At block 205, the device 104 is configured to receive an authentication request. The authentication request can include, for example, an activation of an input on the device 104 by an operator (e.g., the user 108, although at this stage the identity of the operator may not be known to the device 104). The device 104 can track, for example, whether an authenticated user session is active, and if there is no active authenticated user session, any input received at the device 104 can be processed as an authentication request (e.g., preventing any further use of the device 104 until authentication is complete).


At block 210, the device 104 is configured to retrieve a reference voiceprint and an authentication value, for use in authenticating the operator that initiated the authentication process at block 205. In some examples, the device 104 can retrieve the reference voiceprint and authentication value from the identity card 148 or another suitable token. For example, referring to FIG. 3A, the processor 120 can be configured to control the scanner 140 to perform an RFID read, barcode scanning operation, or the like, to retrieve the reference voiceprint and authentication value encoded in a barcode affixed to the identity card 148, stored in an RFID tag embedded in the identity card 148, or the like. For example, the identity card 148 can store (e.g., encoded in a barcode, stored in an RFID tag, or the like) an authentication data payload 300 encrypted with a key 304 for which the device 104 stores a corresponding decryption key 308. For example, the key 308 may be provisioned to the device 104 and any other devices in the system 100 by a manufacturer of the device 104, enabling the device 104 to decrypt the payload 300 while preventing decryption of the payload 300 by a third party having come into possession of the identity card 148. The device 104 can therefore decrypt the payload 300 to obtain a reference voiceprint 312 (e.g., one or more vectors, arrays, or the like defining a voiceprint substantially unique to the user 108), and an authentication value 316. In this example, the authentication value is shown as a four-digit PIN “8729”, although in other examples the authentication value can include any suitable alphanumeric string.


Turning to FIG. 3B, another example performance of blocks 205 and 210 is illustrated. In the example of FIG. 3B, the user 108 can provide a client identifier 320, such as a user account or the like (e.g., “108@acme”) to the device 104, e.g., by capturing speech via the microphone 144 and performing automatic speech recognition (ASR) to extract the client identifier 320 from the captured speech. The device 104 can then be configured to send a request to the server 112 including the identifier 320. The server 112, in response to the request, can retrieve the reference voiceprint 312 and authentication value 316 from the repository 160 based on the client identifier 320, and return the reference voiceprint 312 and authentication value 316 to the device 104 (e.g., encrypted in some examples as described above).


Returning to FIG. 2, at block 215 the device 104 is configured to select a transformation for application to the authentication value to generate a derived value. The authentication process implemented by the system 100 prompts the user 108 for the derived value, rather than the authentication value itself.

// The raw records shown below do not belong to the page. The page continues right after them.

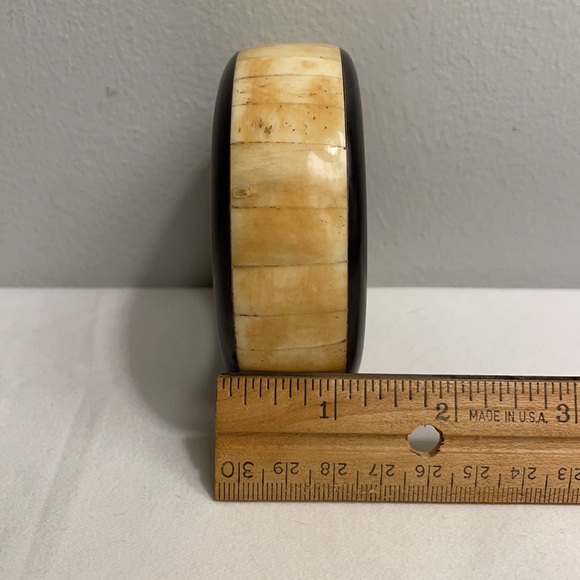 Vintage Wood With Bone Inlay Bangle Bracelet - Picture 7 of 11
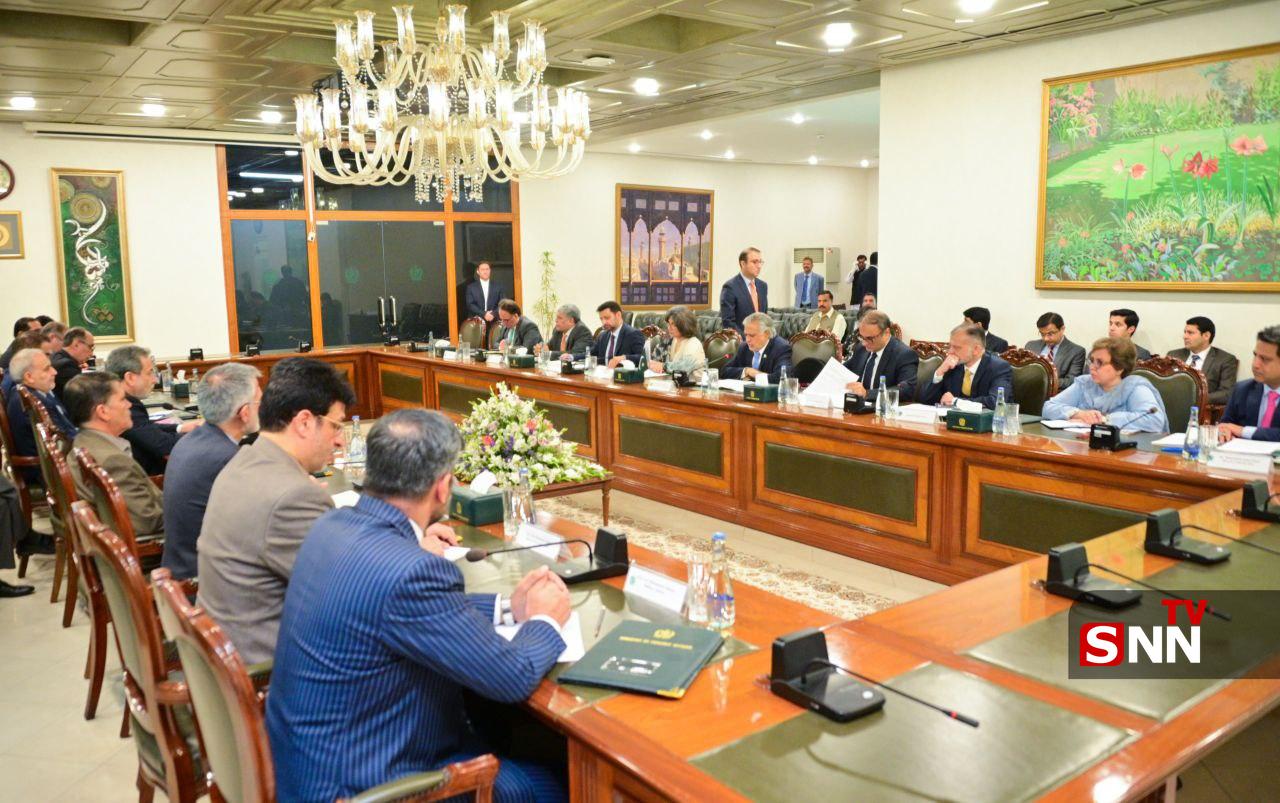 عکس/ دیدار و گفتگوی رسمی عراقچی با معاون نخست وزیر و وزیر امور خارجه پاکستان در اسلام آباد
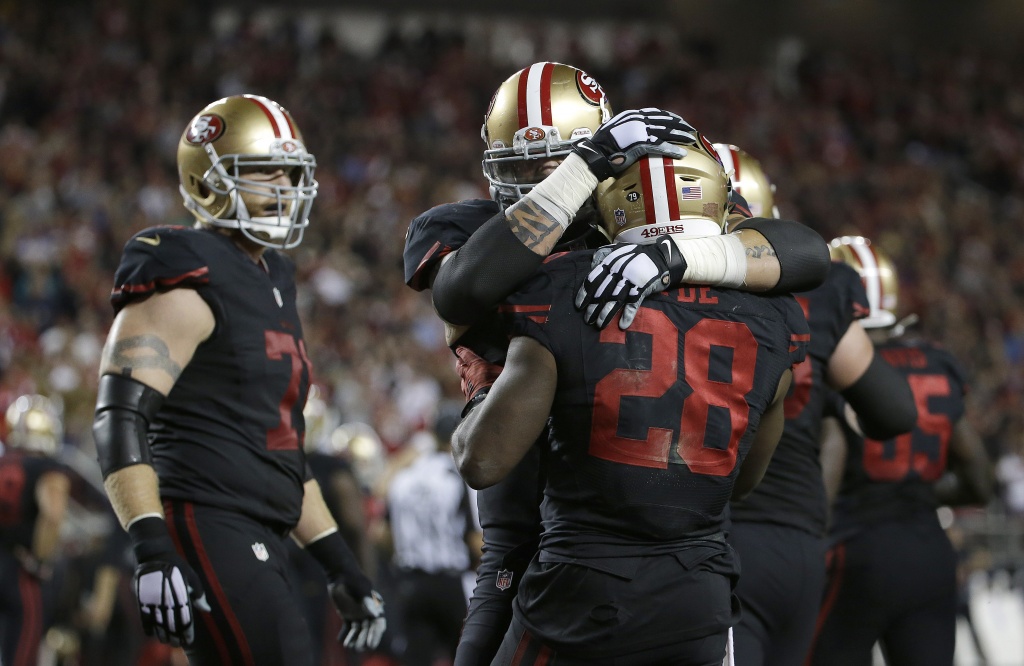 Bang test: 49ers coaches want to see Jarryd Hayne in pads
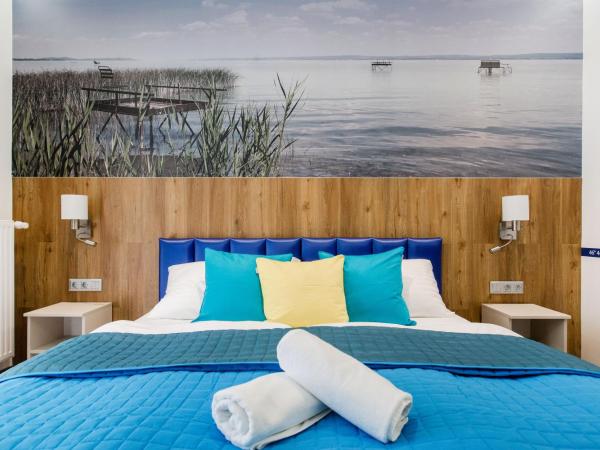 Hotel Solero : photo 7 de la chambre chambre lits jumeaux - vue sur jardin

As a result, knowledge of the authentication value is necessary to produce the derived value, and the authentication value itself need not be spoken aloud or otherwise provided to the device 104 by the user 108, thus reducing the likelihood of the authentication value being intercepted. Further, prompting the user 108 for the derived value may impede machine-generated attempts at authenticating in place of the user 108.


The transformation selected at block 215 can be selected from a repository of predetermined transformations, e.g., stored in the memory 124, as a component of the application 128, or the like. For example, the device 104 can be configured to select one of the predetermined transformations at random from the stored set. Turning to FIG. 4, the device 104 can be configured to select, e.g., at random, one of a plurality of transformations 400-1, 400-2, 400-3 (collectively referred to as the transformations 400, and generically as a transformation 400), and so on, stored in a repository 404. Each transformation 400 includes a description, as shown in FIG. 4, and can also include machine-readable instructions enabling the processor 120 to determine the corresponding derived value.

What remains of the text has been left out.